Rind gritou -- Marin, não corr --- mas ela estava correndo e tropeçando e caindo na água, tchi-bum, e a lagoa era funda o bastante pra ela de repente estar no fundo, e tudo era claro, cegante de claro, e doía e ardía, queimava como entrar numa banheira de gelo.

Marin de repente queria sair dali, não queria sentir mais dor. Ela era uma mulher, diziam que mulheres sentem menos dor, ela nunca tinha sentido tanta dor assim, nem naquela vez jogando bola - mas era impossível pensar em jogar bola, ela queria gritar, queria que tivesse menos luz, até a água dentro da sua boca ardia na sua língua, no céu da boca, como uma pasta de dente ardida demais. Em algum livro tinha um homem que ficava ferido e desmaiava de dor, será que ela ia desmaiar de dor?
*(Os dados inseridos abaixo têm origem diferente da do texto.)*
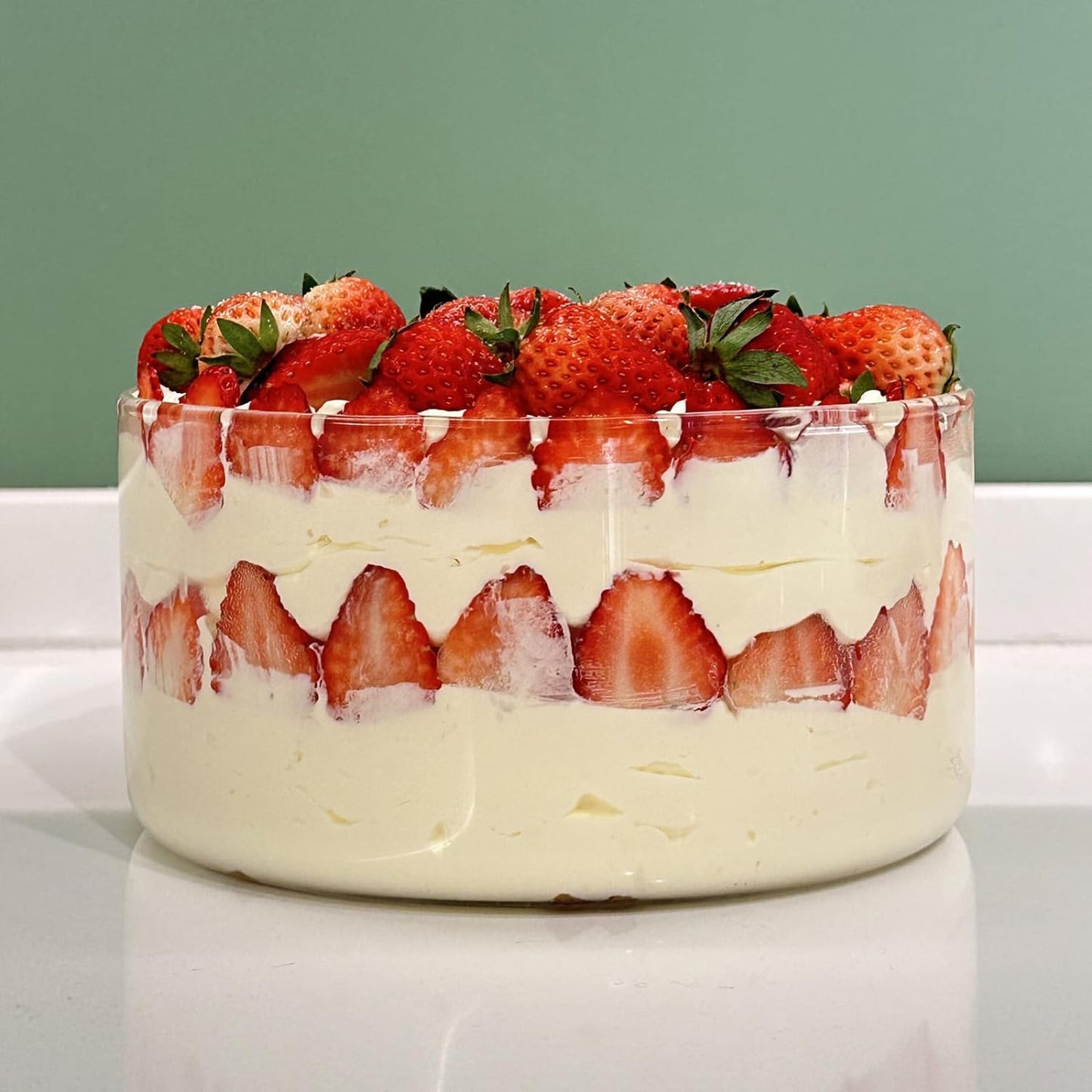 190oz Extra Large Glass Trifle Bowl, Modern Design Clear Glass Round Dessert Centerpiece Serving Bowl for Laying Ice Cream Cakes, Salad, Fruit, Microwave & Dishwasher Safe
E então talvez ela estivesse desmaiando, porque a dor passou, e então vieram as sensações estranhas. As sensações estranhas eram de calor e frio ao mesmo tempo, de molhado mas ressecado, e havia um vento extremamente forte que ameaçava levá-la pelos ares. Seus olhos estavam cegos, então só restava sentir. Marin sentiu que estava numa floresta, com cheiro de chuva e mato e o cheiro do pêlo do lôbo branco na sua pele, na sua bôca, junto com a sensação da fôrça que vinha nas suas quatro patas, e cheio daquele som das árvores chacoalhadas pela ventania -- depois sentiu que ondas batiam forte nas suas pernas por todos os lados, e um vento louco jogava água e areia na sua cara, e a balançava como uma árvore -- depois que água corria por ima dela como se ela fosse uma sarjeta, ou o leito de um rio caudaloso, mas rodas e patas corriam por ela, e ela se sentia vibrar como um tambor -- de repente ela se sentiu seca e forte como um cavalo, com cheiro de estábulo de fazenda, e vontade de correr pelo mundo -- e por um momento todas as sensações ficaram muito confusas quando ela começou a correr simultaneamente em todas as direções, e ela lembrou de quando ela ficava na varanda de um apartamento olhando os carros passando e querendo ser o Vento.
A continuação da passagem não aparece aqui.